There is great potential for computer vision to learn from the expert processor that is the human visual system: computer vision algorithms are easily out-performed by humans for a range of tasks, particularly when images correspond to more complex, realistic scenes. We are still far from understanding how the human visual system handles the kind of complex natural imagery that defeats computer vision algorithms. However, the robustness of the human visual system appears to hinge on: 1) exploiting the full range of available depth cues and 2) incorporating statistical 'priors': information about typical scene configurations. We will employ psychophysical experiments, guided by our analyses of natural scenes and their images, to develop valid and comprehensive computational models of human depth perception. We will concentrate our analysis and experimentation on key tasks in the process of recovering scene structure - estimating the location, orientation and curvature of surface segments across the environment. Our project addresses the need for more complex and ecologically valid models of human perception by studying how the brain implicitly encodes and interprets depth information to guide 3D perception.
Virtual 3D environments are now used in a range of settings, such as flight simulation and training systems, rehabilitation technologies, gaming, 3D movies and special effects. Perceptual biases are particularly influential when visual input is degraded, as they are in some of these simulated environments. To evaluate and improve these technologies we require a better understanding of 3D perception. In addition, the statistical models and inferential algorithms developed in the project will facilitate the development of computer vision algorithms for automatic estimation of depth structure in natural scenes. These algorithms have many applications, such as 2D to 3D film conversion, visual surveillance and biometrics.

Planned Impact

Our proposed work sits at the interface of human and computer vision. In essence, it asks how humans and computers infer 3D structure from 2D images in realistic, complex environments. Beyond these academic arenas, our work has clear implications for those working in applied computer vision and in the visual media industry.
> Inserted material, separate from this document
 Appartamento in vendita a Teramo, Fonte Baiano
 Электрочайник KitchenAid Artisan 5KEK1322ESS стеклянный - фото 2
The latter two groups will exploit our work in technologies such as 2D to 3D conversion, special effects generation and creating virtual reality environments for applications such as gaming and training. The recent NextGen Review (2011) of the skill requirements (and current shortfall) for the UK's video games and visual effects industries highlighted the importance of those industries to the UK economy. In 2008, the global sales of video games created by UK companies reached £2 billion, contributing £1 billion in GDP, making the UK the third largest games developer in the world. The UK visual effects industry is also on the rise, contributing to blockbuster movies like Harry Potter, Inception and Batman. This sector grew by 17% between 2006 and 2008, with four of the worlds largest visual effects companies based in London.
Our work has a clear role in maintaining the lead role that the UK currently holds in these growing industries. These world-leading industries could benefit substantially from the input of experts in vision science. For example, many of the industry applications described above involve the inference of 3D scene structure from 2D images, but often have to rely on human hand segmentation and depth labeling of images to complement current computational algorithms. In contrast, humans are remarkably adept and robust in reconstructing their 3D world. Our work will expand current understanding of the structure of natural scenes, and how this statistical structure is exploited by the human visual system to efficiently recover depth. This ecological, natural scenes approach is critical to bridging the gap between human performance and current efforts to replicate it in computer vision applications. To ensure that this impact is realized, vision scientists must engage with those involved in gaming and visual effects. Currently, there is a lack of communication between vision researchers, and these industrial groups. Dr. Adams' discussions with attendees at the recent Conference on Visual Media Production (CVMP) in London made clear the potential for human vision to inform algorithms for visual media production that are efficient, and produce content that is realistic and enjoyable for the end user. For example, certain well-known strategies within human vision for recovering shape from shading are not exploited within technologies that capture and create 3D content. Discussions with our project partners (Hilton: applied computer vision and Grau: 3D media production, BBC) have identified particular areas where our work will inform current problems within applied computer vision and visual media production; the potential impact of our work is reflected in their Letters of Support.
The NextGen report identified an immediate need to change current practice in ICT training in schools and Universities to better reflect the skill needs of the gaming and visual media industries. This move is critical to ensure that these industries continue to lead the world market. Vision science relies heavily on the key skills highlighted in the report, including mathematics, physics, computer programming and design. By using visual illusions to explain key concepts in human vision, and demonstrating the mathematical and computational challenges in developing visual stimuli, we will design activities (for our website and for the science roadshow) that will engage young people and foster an interest in mathematics, perceptual psychology and its applications. By making use of the engaging aspects of visual perception we hope to inspire future generations of scientists and industry professionals.

Publications

10 25 50
 
Description We are interested in the structure of our natural environment, how this shapes human perception, and how the information can be exploited in computer vision (for example, estimating 3D structure from a 2D image.
One substantial key finding is our set of measurements of scenes, sampled from the environment within Hampshire, UK. This Southampton-York Natural Scenes Dataset (SYNS) is now a public dataset that researchers and industrial users (working in virtual reality, computer vision) are downloading and using for their research, or for product development.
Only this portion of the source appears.